Malam itu, Arumi dan Fahri tengah menikmati makan malam mereka. Keduanya pun makan dengan tenang, hanya terdengar suara dentingan sendok serta piring yang beradu.


Fahri menyeka sudut bibirnya dengan tisu. Menyudahi makan malamnya. Sementara Arumi, wanita itu mengambil kembali nasi dan lauk yang ada di atas meja. Sejak kehamilannya, Arumi selalu saja merasa mudah lapar.


Fahri memperhatikan hal tersebut, hanya tersenyum simpul. Biasanya Arumi hanya makan sedikit, dan keesokan harinya ia melakukan olahraga untuk membakar lemak. Akan tetapi, kali ini wanita itu seolah tak peduli lagi akan berat badannya.


"Ketika di pagi hari, aku selalu merasa mual. Namun, malam harinya, napsu makanku bertambah," ujar Arumi terkekeh sembari memasukkan satu suapan ke dalam mulutnya.


"Mungkin sebentar lagi berat badanku juga semakin bertambah, dan aku terlihat lebih jelek," lanjut Arumi.


Fahri menarik kedua sudut bibirnya. "Tidak apa-apa. Bagaimana pun penampilanmu, kamu akan tetap terlihat cantik. Lagi pula, yang penting kamu dan anak kita baik-baik saja," tutur Fahri dengan lembut.


"Mas, nanti kalau aku ngidamnya yang aneh-aneh bagaimana?" tanya Arumi.


"Tidak masalah. Akan aku turuti asalkan kamu merasa senang," timpal Fahri.


Arumi meraih air minum yang ada di hadapannya, lalu meminumnya beberapa tegukan untuk melajukan makanan yang terasa menyangkut di tenggorokannya.


"Tapi aku tidak ingin kamu sengsara. Jadi, tidak masalah bagiku jika kamu tidak mengikuti permintaanku kalau itu adalah hal yang kurang masuk akal," ujar Arumi.


Fahri sedikit mencondongkan tubuhnya, lalu kemudian mengusap pipi Arumi yang mulai terlihat gembul. "Tidak masalah, Istriku. Selagi itu bisa aku lakukan, maka aku akan melakukan apapun untuk mu. Demi kamu dan anak kita."
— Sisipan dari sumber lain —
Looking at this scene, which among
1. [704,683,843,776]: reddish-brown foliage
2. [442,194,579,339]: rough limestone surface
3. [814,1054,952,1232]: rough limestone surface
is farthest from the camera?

Arumi terenyuh mendengar ucapan Fahri. Ia ingin tetap seperti ini, selalu di perhatikan oleh Fahri meskipun Arumi tidak tahu pasti, apakah Fahri memang sudah benar-benar sembuh dari masa lalunya. Namun, satu hal yang Arumi selalu nanti-nanti kan dari suaminya itu. Kata cinta yang belum pernah terucap dari bibir Fahri secara langsung.


"Aku menantikan kamu berucap kata cinta untukku, Mas."


Bersambung ....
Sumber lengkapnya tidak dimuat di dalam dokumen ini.